Upon the specific question of the application of this article to suits brought by a stranger to the judgment to enjoin the execution of an order of sale, there is some conflict among the Courts of Civil Appeals, and for that reason we deem it not amiss to review the decisions upon the question.
As early as the case of Winnie v. Grayson, above, the Supreme Court, speaking through Judge Lipscomb, say:
"In this case, there were no rights of a third party intervening that justified separating the case from the original one complained of. Had the property of a third person been levied on by virtue of this execution, such third person might well have claimed that, as to him, his rights should be tried in the court of his domicile; but in this case the matters set up in defense against the execution, with propriety, belonged to the court in which the judgment was rendered, on which the execution was alleged to have been improperly and illegally issued."

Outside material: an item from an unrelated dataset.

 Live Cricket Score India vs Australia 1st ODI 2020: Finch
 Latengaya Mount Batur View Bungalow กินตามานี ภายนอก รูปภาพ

In Ratcliff v. Call, above, the Court say:
"There can be no doubt that where the execution of the judgment generally is sought to be prevented, or where the writ is granted to stay, that is to stop, the execution of a judgment, the statute is imperative and is susceptible of but one construction — that is that the writ shall be returned or the suit brought in the county where the judgment was rendered.
"But the law requiring a suit to `enjoin the execution of a judgment to be brought in the county of its rendition' evidently applies to suits attacking the judgment, questioning its validity, or presenting defenses properly connected with the suit in which it was rendered and which should have been adjudicated therein. It has no application to parties who do not sue to stay or enjoin the execution primarily of the judgment as contemplated by the statute, but who sue to prevent the sale of property alleged to belong to them under a judgment, however valid and regular it may be, to which they are not parties and for the satisfaction of which their property could in no event be subject. Any other construction of the statute would where an execution was levied upon the property of persons not parties to *Page 99 the judgment require such persons to adjudicate their rights to the same in a county not that of their domicil, and thus destroy a valuable privilege. We think there was no error in overruling the motion to dissolve the injunction on the ground that the writ was returnable to the District Court of Travis County. Winnie v. Grayson, 3 Tex. 429."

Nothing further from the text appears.